Every entry needs to be duplicated exactly.
Data for this task START
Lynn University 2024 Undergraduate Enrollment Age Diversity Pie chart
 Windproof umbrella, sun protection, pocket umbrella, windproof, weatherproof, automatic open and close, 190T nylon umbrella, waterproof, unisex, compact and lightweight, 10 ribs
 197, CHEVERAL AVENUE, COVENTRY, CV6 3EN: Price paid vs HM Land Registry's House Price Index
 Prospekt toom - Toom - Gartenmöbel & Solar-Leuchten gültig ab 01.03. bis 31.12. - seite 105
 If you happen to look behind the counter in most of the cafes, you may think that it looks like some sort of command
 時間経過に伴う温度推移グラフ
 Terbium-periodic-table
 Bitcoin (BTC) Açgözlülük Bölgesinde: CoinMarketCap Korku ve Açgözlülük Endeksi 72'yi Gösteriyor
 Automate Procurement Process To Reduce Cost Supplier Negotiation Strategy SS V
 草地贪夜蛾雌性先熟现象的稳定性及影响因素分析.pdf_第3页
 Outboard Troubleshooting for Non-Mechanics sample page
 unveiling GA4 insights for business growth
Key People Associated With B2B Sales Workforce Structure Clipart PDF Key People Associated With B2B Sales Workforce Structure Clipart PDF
Data for this task END
Solution for this task:
Lynn University 2024 Undergraduate Enrollment Age Diversity Pie chart
 Windproof umbrella, sun protection, pocket umbrella, windproof, weatherproof, automatic open and close, 190T nylon umbrella, waterproof, unisex, compact and lightweight, 10 ribs
 197, CHEVERAL AVENUE, COVENTRY, CV6 3EN: Price paid vs HM Land Registry's House Price Index
 Prospekt toom - Toom - Gartenmöbel & Solar-Leuchten gültig ab 01.03. bis 31.12. - seite 105
 If you happen to look behind the counter in most of the cafes, you may think that it looks like some sort of command
 時間経過に伴う温度推移グラフ
 Terbium-periodic-table
 Bitcoin (BTC) Açgözlülük Bölgesinde: CoinMarketCap Korku ve Açgözlülük Endeksi 72'yi Gösteriyor
 Automate Procurement Process To Reduce Cost Supplier Negotiation Strategy SS V
 草地贪夜蛾雌性先熟现象的稳定性及影响因素分析.pdf_第3页
 Outboard Troubleshooting for Non-Mechanics sample page
 unveiling GA4 insights for business growth
Key People Associated With B2B Sales Workforce Structure Clipart PDF Key People Associated With B2B Sales Workforce Structure Clipart PDF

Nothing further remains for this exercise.